[llvm-dev] Proposal for address-significance tables for --icf=safe

Wed May 23 07:44:59 PDT 2018

On Wed, May 23, 2018 at 12:06 AM, Peter Collingbourne via llvm-dev
<llvm-dev at lists.llvm.org> wrote:
> Hi all,
>
> Context: ld.gold has an --icf=safe flag which is intended to apply ICF only
> to sections which can be safely merged according to the guarantees provided
> by the language. It works using a set of heuristics (symbol name matching
> and relocation scanning). That's not only imprecise but it only works with
> certain languages and is slow due to the need to demangle symbols and scan
> relocations. It's also redundant with the (local_)unnamed_addr analysis
> already performed by LLVM.
>
> I implemented an alternative to this approach in clang and lld.
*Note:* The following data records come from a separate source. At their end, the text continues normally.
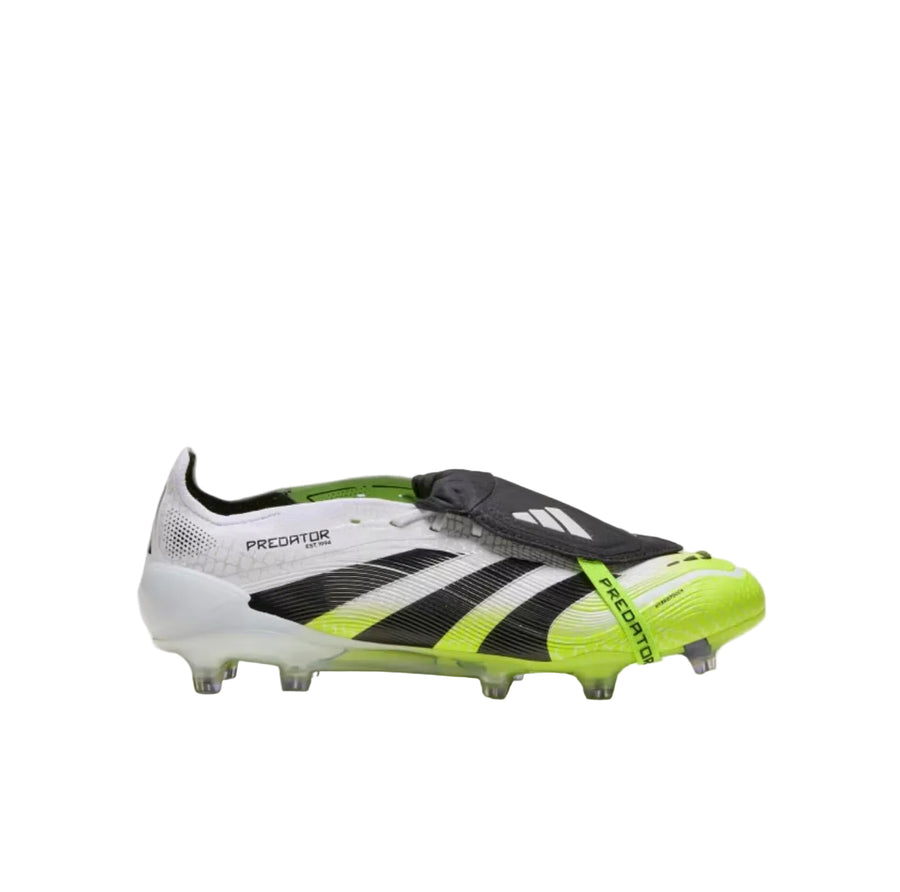 Crampons Predator Elite Fold-over Tongue SG Radiant Blaze - Blanc/Noir/Fluo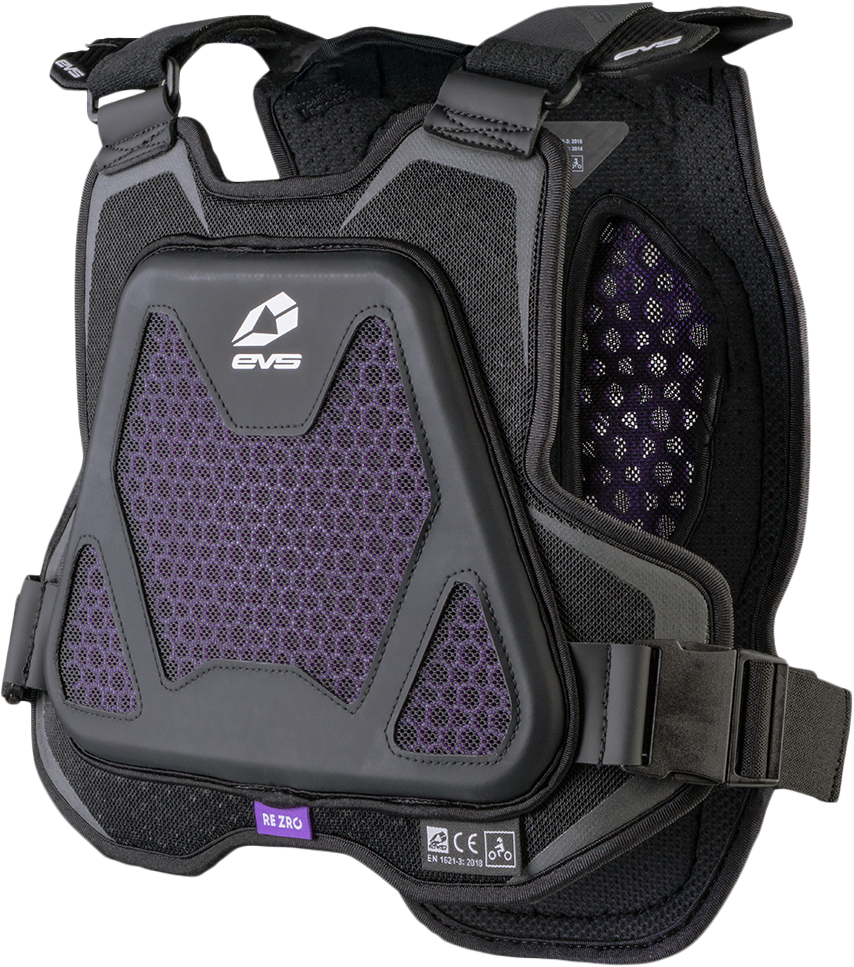 EVS Evo Chest Protector W/Rezro Youth - View 1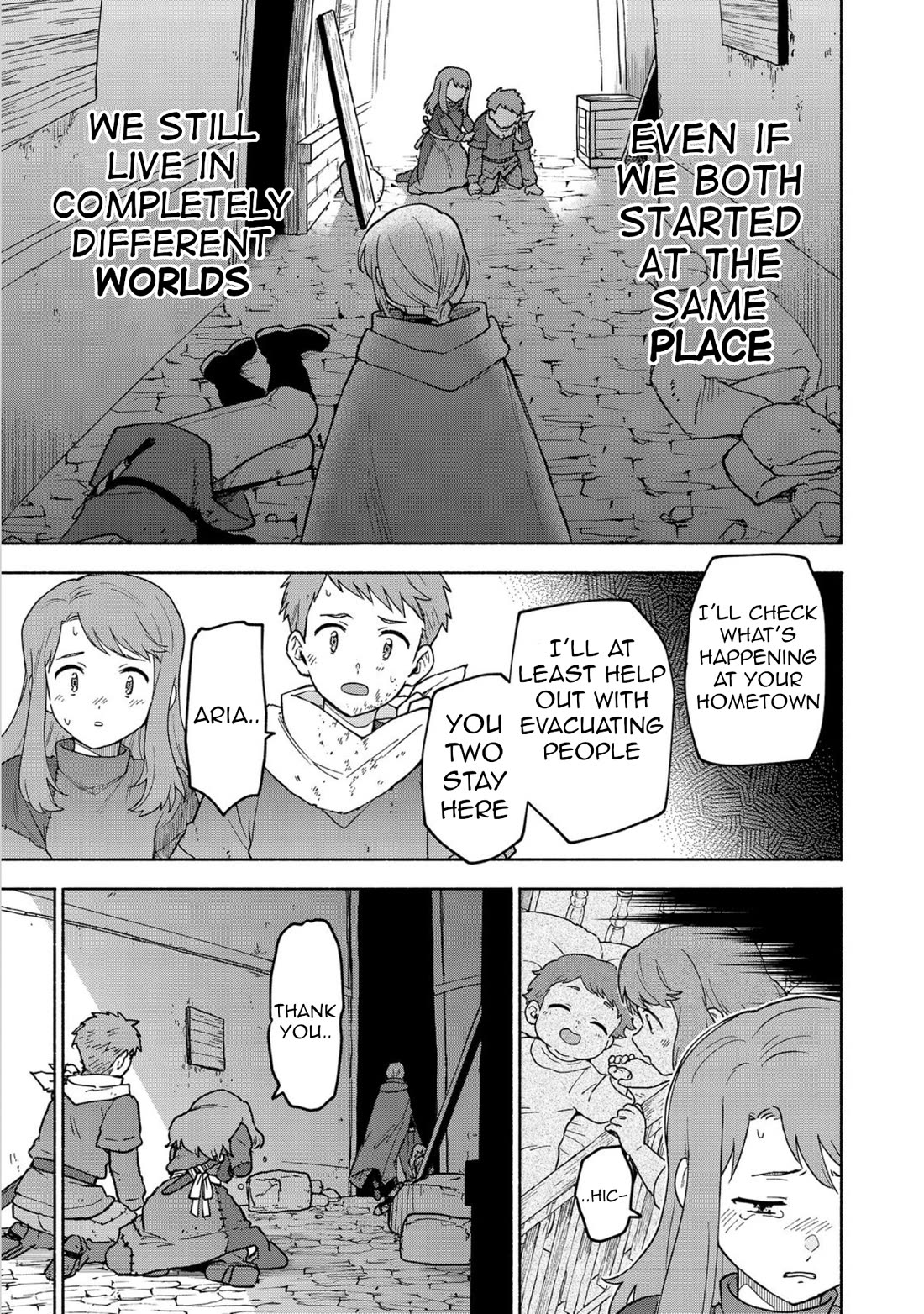 The Otome Heroine's Fight for Survival Chapter 34 page 25 - Chapter 34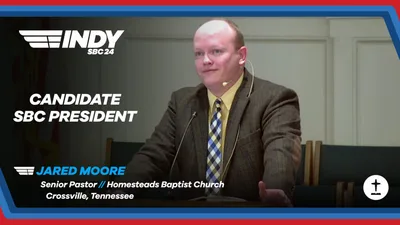 Tennessee pastor Jared Moore to be nominated for SBC president | Baptist Press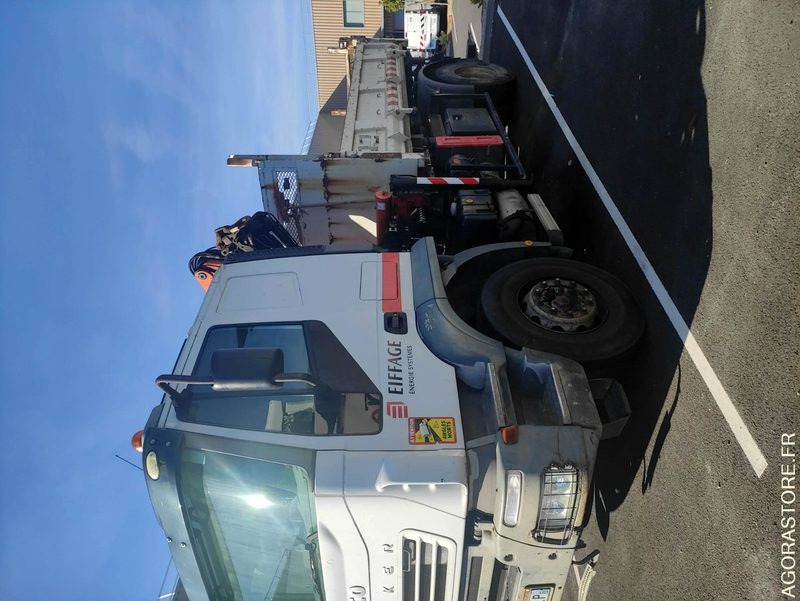 CAMION 19T BI-BENNE GRUE - IVECO 4X2 - AT190T27 - 2005 / 376973 KM (AL-380-LP) - Tipper, Crane truck: picture 2 CAMION 19T BI-BENNE GRUE - IVECO 4X2 - AT190T27 - 2005 / 376973 KM (AL-380-LP) - Tipper, Crane truck: picture 2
It works by
> adding a section to each object file containing the indexes of the symbols
> which are address-significant (i.e. not (local_)unnamed_addr in IR).
>
> I used this implementation to link clang with release+asserts with each of
> --icf={none,safe,all}. The binary sizes were:
>
> none: 109407184
> safe: 108534736 (-0.8%)
> all: 107281360 (-2%)
>
> I measured the object file overhead of these sections in my clang build at
> 0.08%. That's almost nothing, and I think it's small enough that we can turn
> it on by default.
>
> I've uploaded a patch series for this feature here:
> https://github.com/pcc/llvm-project/tree/llvm-addrsig
> I intend to start sending it for review soon.

Very nice!

I was going to ask how this plays with object files compiled with
something other than LLVM, but now I see you assume all symbols are
address-significant if there's no address-significance table in the
file. It all seems very sensible to me :-)